19. What steps he is taking to tackle youth unemployment.
The youth contract, to which I referred earlier, is worth nearly £1 billion. It builds on the substantial support already available to help unemployed young people to enter work. It includes more intensive support for all 18 to 24-year-olds, additional funded work experience places and a new wage incentive scheme delivered through the Work programme.
As the hon. Gentleman knows, I regard the labour market in the north-east as one of our big priorities. That is why we have targeted the area with support through the regional growth fund and established an enterprise zone in the Tees valley, and that is why we are doing all that we can—through the Work programme, the different aspects of the youth contract, and our work in the skills arena in providing more apprenticeships—to bring about both private sector growth and an increase in the skills of the hon. Gentleman’s constituents to help them get into work.
The Minister has form with respect to inner-city Manchester: he once compared Moss Side to the film “The Wire”. Will he tell me whether he takes the question of youth unemployment seriously? We know that, if left unchecked, it will have an impact on all the malaises that lead to exactly the sort of thing that we see in north American cities, and we do not want to see it once again in inner-city Britain.

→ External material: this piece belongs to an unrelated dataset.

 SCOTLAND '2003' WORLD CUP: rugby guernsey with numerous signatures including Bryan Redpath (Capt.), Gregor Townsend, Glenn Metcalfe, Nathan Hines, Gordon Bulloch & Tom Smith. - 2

Let me say first that the hon. Gentleman clearly never read the speech that I made, and secondly that I defend my comments in relation to the country as a whole in the wake of the terrible scenes that we saw last summer. That issue is one reason why we must focus on youth unemployment, why we are investing so much money in tackling it, and why it is at the top of the Government’s list of priorities. It is just a shame that the last Government failed to deal with the problem in good times, when it started to become an issue after 2004.